Donors whose names did not appear on the previous year's list include Pet Shop Boy Neil Tennant, musician Pete Townshend and Peter Gabriel Ltd.

The report to Labour party members ahead of their annual conference suggests 1997 was a bumper year for gifts because of the election. It names some 100 individuals, firms and unions, nearly double the number who gave over £5,000 in 1996.

[ image: Eddie Izzard: Comedian who has performed in the French language]
Eddie Izzard: Comedian who has performed in the French language
Other showbiz names giving more than £5,000 in 1997 include actor couple Sinead Cusack and Jeremy Irons, comic and author Ben Elton, actor Richard Wilson, theatre director Trevor Nunn's company Awayvale, and Oasis label Creation Records.

Convicted murderer-turned sculptor and youth worker Jimmy Boyle and wife Sarah are listed, having previously appeared in the Scottish party's accounts.

Lord Chancellor Lord Irvine of Lairg's special adviser Gary Hart, Lord Sainsbury, who became a trade minister in the last reshuffle, film producer Lord Puttnam, and crime writer Baroness Rendell also appear.

A separate list records nearly 40 companies, individuals and unions who gave more than £5,000 in sponsorship of party events or activities, which Labour regards as a commercial transaction distinct from political donation.

'Cocktail' cronyism, say Tories

The BBC's John Pienaar takes a look at Labour's list of benefactors
For the Tories, shadow International Development Secretary Gary Streeter said: "This report reveals more than ever the cronyism at the heart of the government.

"Their list of donors reads like the guest list for a Downing Street drinks party."

He noted it included donors who had become peers since the election, and Lord Sainsbury, who had been given a job in the government.

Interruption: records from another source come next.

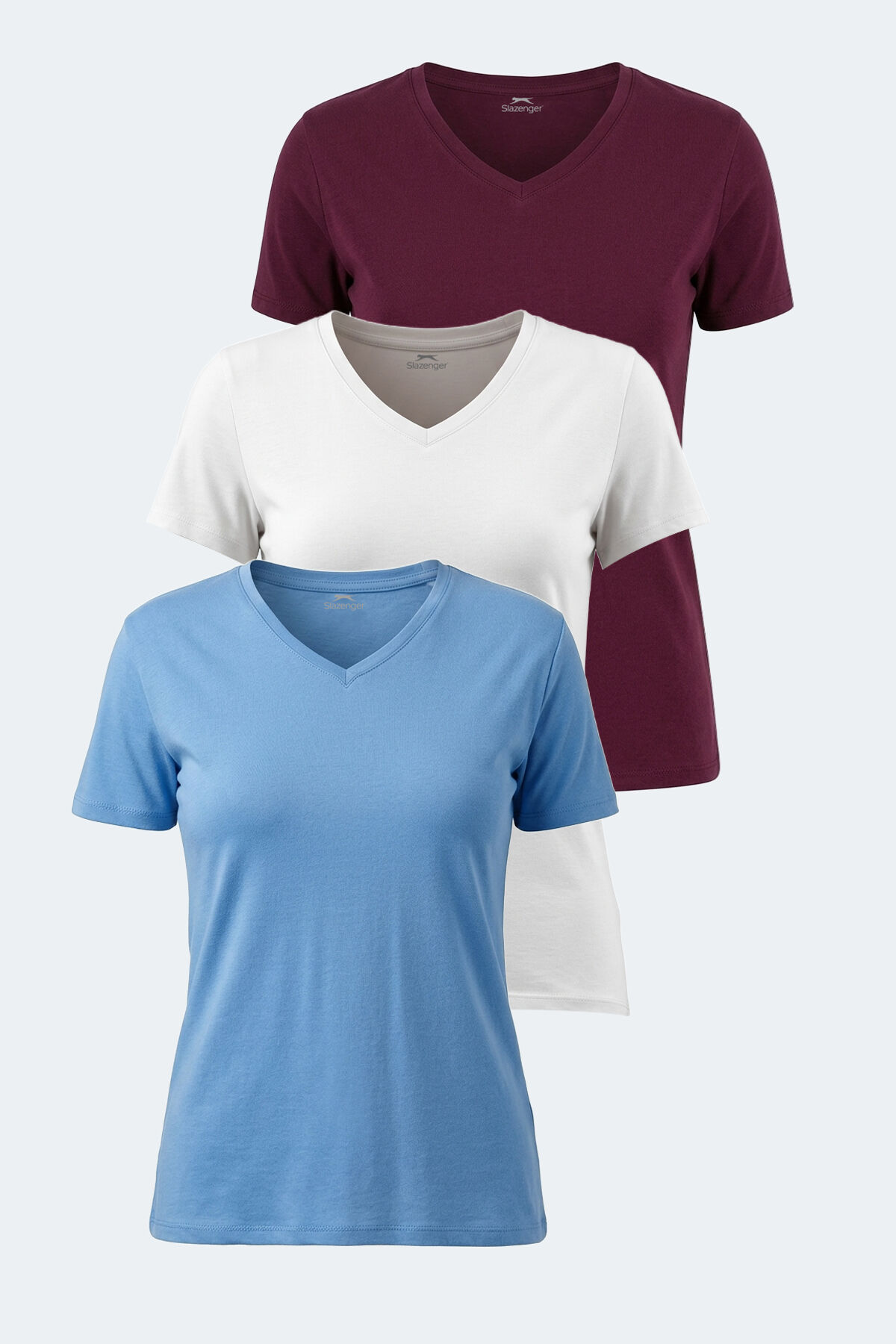 Slazenger PERICAS 3 lü Set Kadın  Ekru - Mürdüm - Mavi Tişört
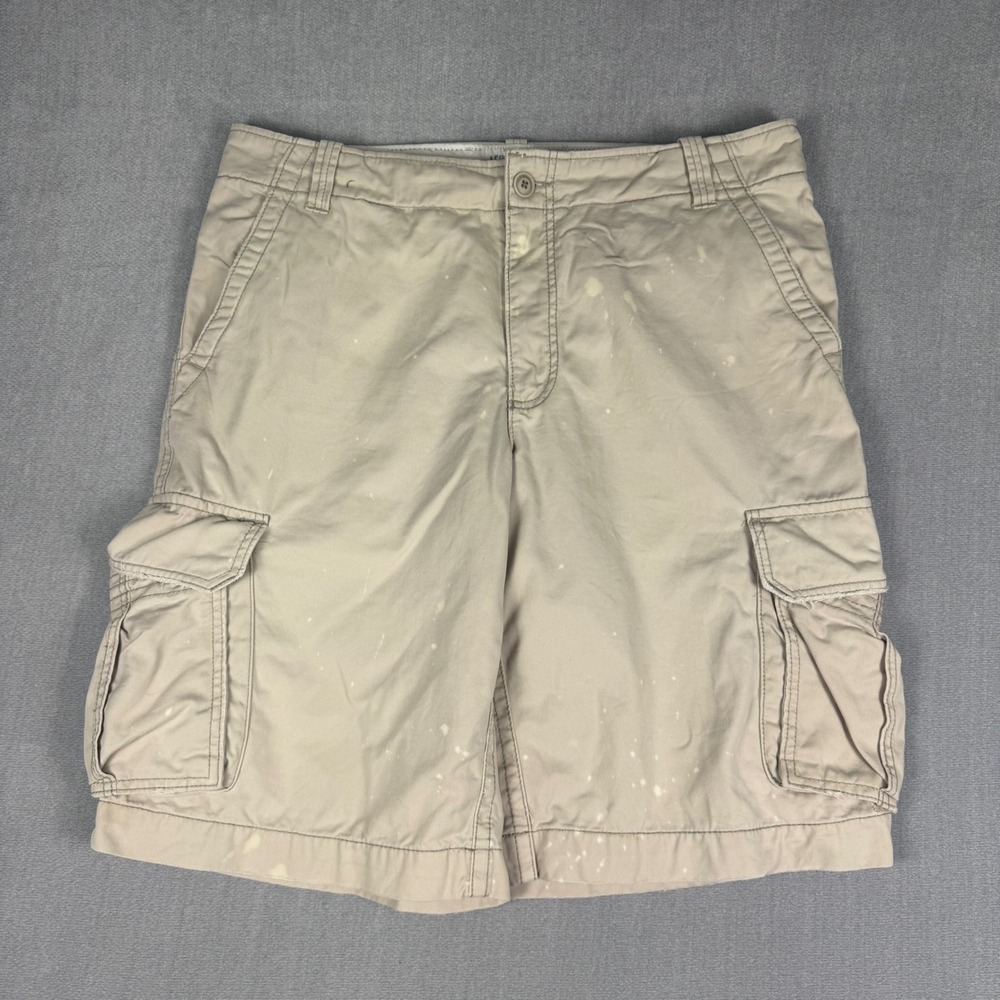 Aeropostale Mens Tan Khaki Cargo Shorts Size 36 Distressed Bleach UA987-09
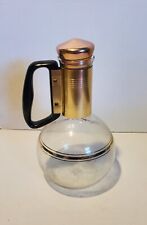 Silex Pyrex Coffee Carafe W Stopper Copper & Glass Vintage MCM picture
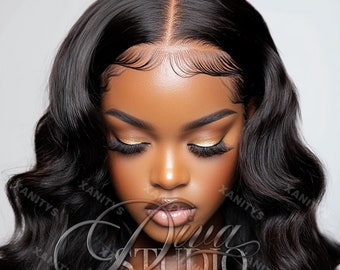 Black Woman Hair Model Stock Photo, Hair Business Image (Digital Download)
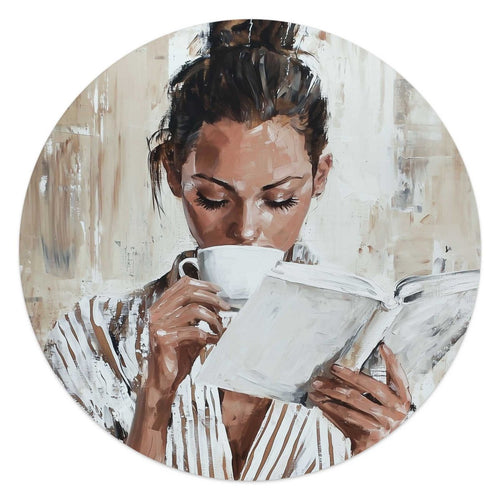 Glasbild Morgenkaffee mit einem Buch I 50 Rund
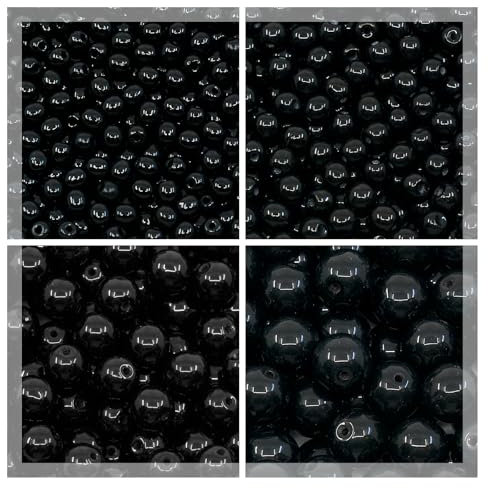 Ensemble de perles rondes en verre tchèque 3 mm, 4 mm, 6 mm, 8 mm, noir de jais 23980, total de 275 pièces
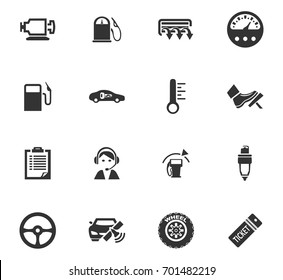 Auto icons set and symbols for web user interface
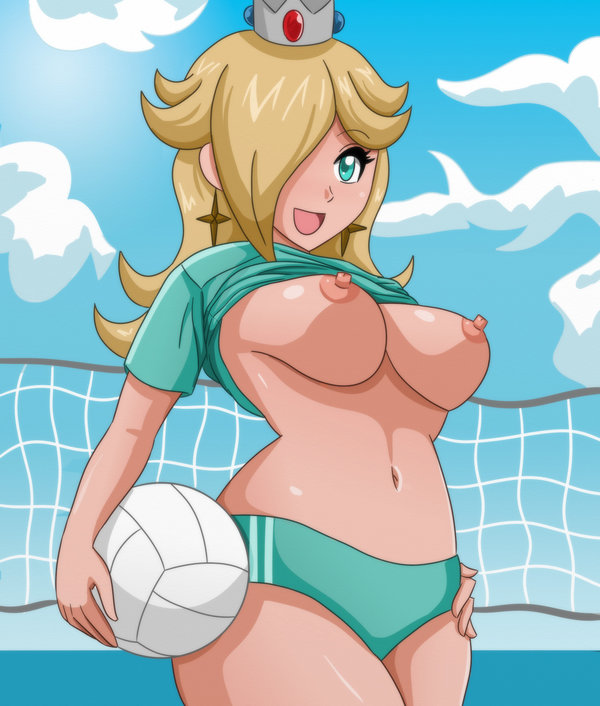 1girls, areolae, big breasts, blonde hair, blue eyes, breasts, busty, crown, erect nipples, female, female only, hair over eye, huge breasts, mario (series), navel, nintendo, nipples, open mouth, outdoors, princess rosalina, shablagooo, shirt, shirt lift, sky, smile, solo, standing, tongue, volleyball, volleyball (ball)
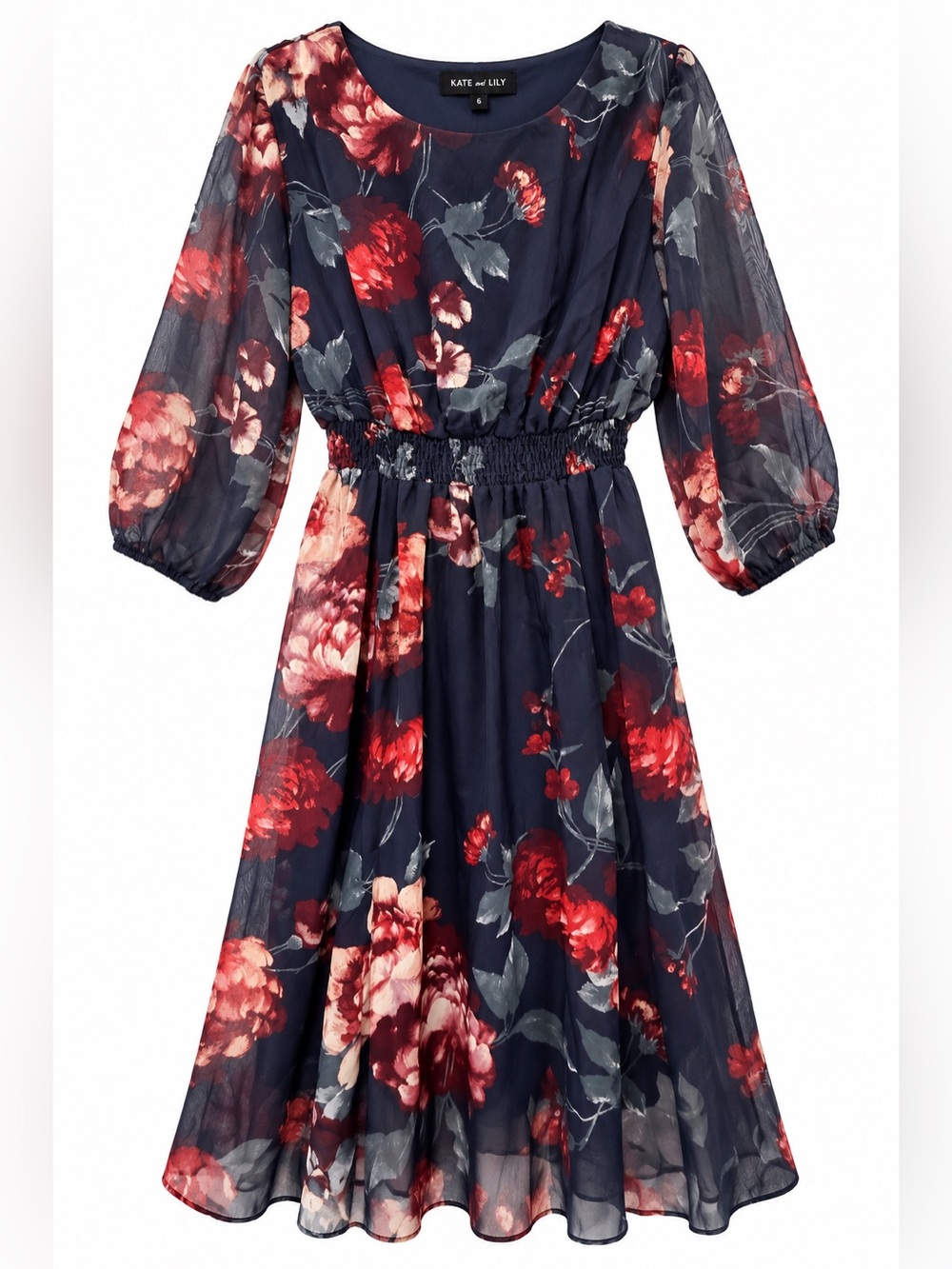 Kate and Lily Navy Floral Chiffon Midi Dress Size 6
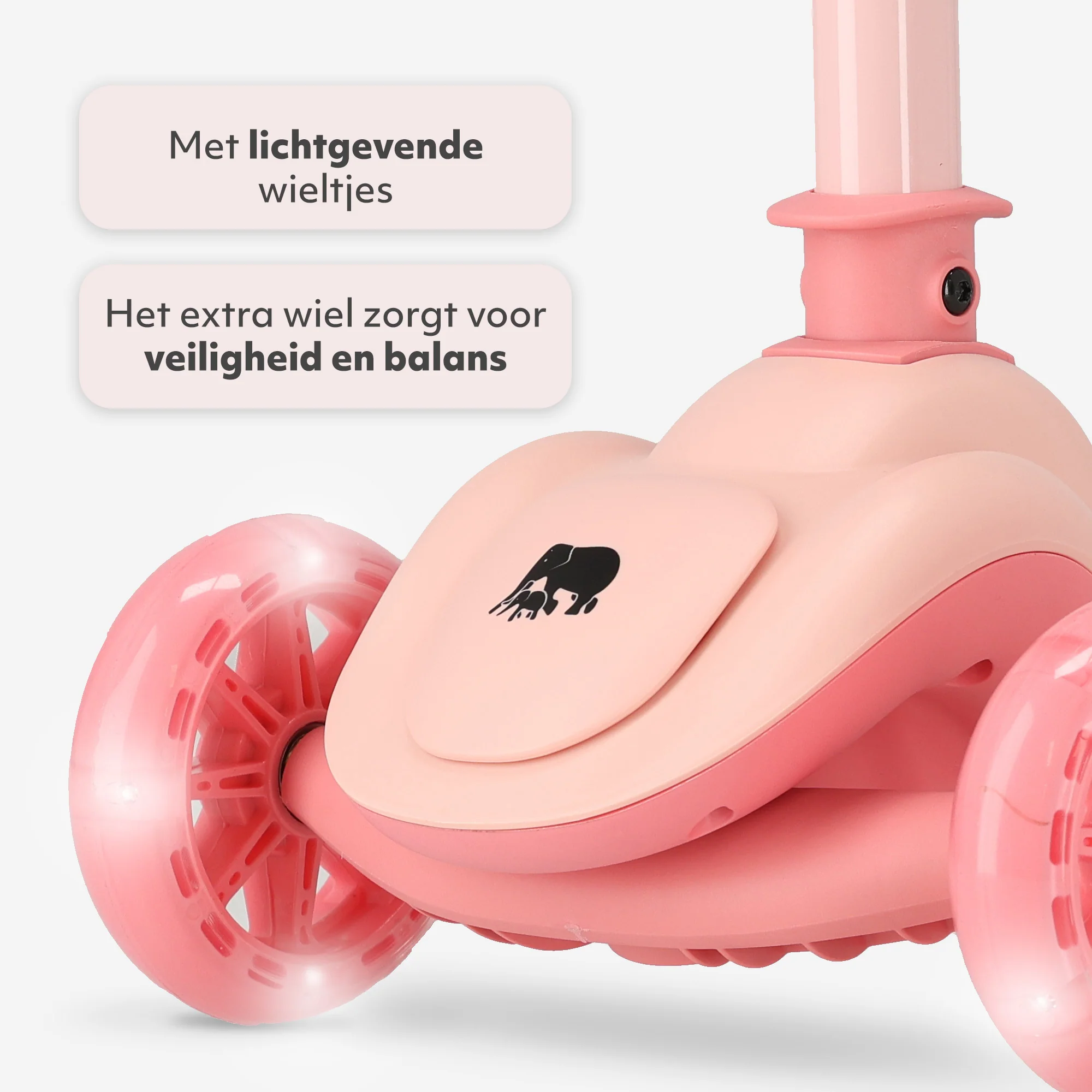 Hulajnoga Harvey Kids 3 koła - grupa wiekowa 3+ - maks. 50 kg - światła LED w kołach - regulowana wysokość 65-70-75-80 cm - różowa - Image 5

But Labour responded by saying it would not "take lectures" from a party which had never named its donors.

Tories open books

The Tories plan to publish their accounts for the 1997-98 financial year before parliament returns in October.

They will name for the first time their big donors.

However, only those giving over £5,000 after William Hague became leader and committed the party to publishing the names will be listed.

Previous accounts, extended to cover the election campaign, revealed the Tories spent £26 million on the election over two years, of which £13 million went to Saatchi to pay for advertising.

The Labour report says the election left it with a £4.5 million debt, its biggest ever, which it says will be wiped out by the end of 1998.